Conquering Your Human Nature

I'd like to pose a question that has recently come to the fore of my mind: how many people do you think are intellectuals by nature? We know that, on average, consequent generations have higher IQs than previous generations. Does this translate to an equilibrium where those with intellectual proclivities dominate? My hypothesis of where we are currently is two-fold.

  1. The intellectual types are the dominant types and have, therefore, won out.

  2. The 1 minus nth (where 0<n<1) percentage of the population (<50%?) would most likely be intellectuals absent the deleterious effects of the junkified satiation of particular appetites (Eat that, Franklin).

The first hypothesis is, in some sense, not difficult to test. In fact, one could make a convincing case that we have run a massive trial of it through division of labor and specialization. As a result, the intellectualism we have is now diversified among different subcultures and groups - think crypto, academia, and Silicon Valley. This point becomes more salient if we notice a current emphasis on tangible gains to intellectual endeavors that did not exist when reading, art, and music comprised the activities with which the intellectual class occupied themselves i.e., TikTok didn’t exist back then. This is not wrong; in fact, the backbone of most firms producing most of the economic value and social impact today are technical and philosophical.
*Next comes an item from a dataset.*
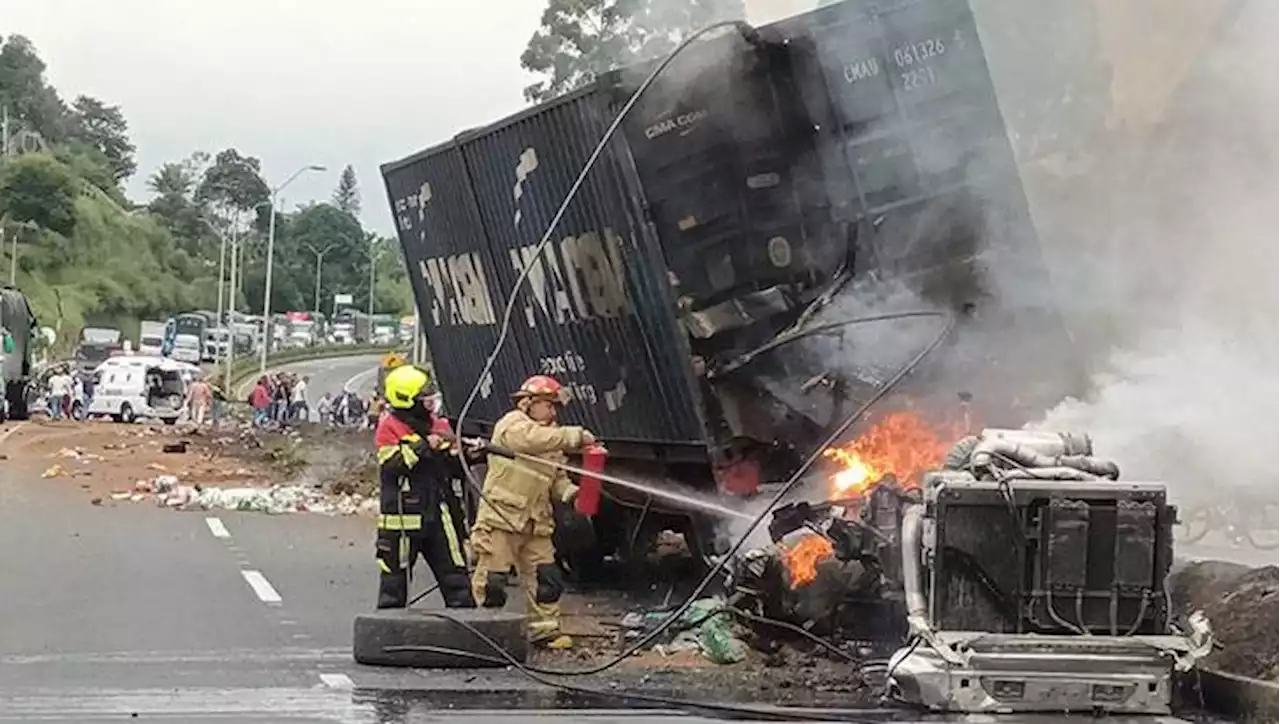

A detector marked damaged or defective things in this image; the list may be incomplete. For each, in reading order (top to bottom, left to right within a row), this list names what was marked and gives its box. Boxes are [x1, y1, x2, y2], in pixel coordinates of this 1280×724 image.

destroyed vehicle engine [740, 428, 1208, 716]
The second hypothesis is also not difficult to track. In fact, it has become so ubiquitous as to be a question one asks on a first date like "What is your vice?" The main point of the question is an identification of how technologies have helped us match our human desires to the most appealing methods of satisfying these desires, good or bad. For example, pornography for the sex drive, literal junk food, YouTube, TikTok (or YouTube Shorts), and many examples in this domain. You can also run this experiment in your own life. Drop as many forms of modern entertainment as you can, limit yourself to a few choices for entertainment, and see if you end up either reading or musing about art i.e., fast.

This leads to a different way of asking the opening question. How many of us would value intellectual endeavors in the humanities if we had the bandwidth freed up for it? We know that the intellectual horsepower of these IQ increases is channeled into understanding gadgets and the internet of things with crippling levels of choice. Think about it, your parents most likely asked you to help them navigate an app or a computer because of the exponential increase in choices and options these innovations brought along. Just when you think you've figured out how to navigate and use all those choices, more gets thrown your way with the "new generation" of things. You would then ask your children how to navigate it, and they theirs, and the cycle continues. Do we read classics? Do we want to read classics? If our answers to these questions are "no" or "Why read a book when you could go into the metaverse, bruh?" then I regret to inform you that, in this domain, our progenitors were just more intelligent than us.

This post is not a revolutionary one. It is a challenge to you. It is a question of what type of individual you want to be. A challenge to take steps in the direction that will enable you to be the type of individual who does those things. As Wackford Squeers (a character in Nicholas Nickleby by Charles Dickens) says: "Subdue your appetite, my dears, and you have conquered human natur[e]."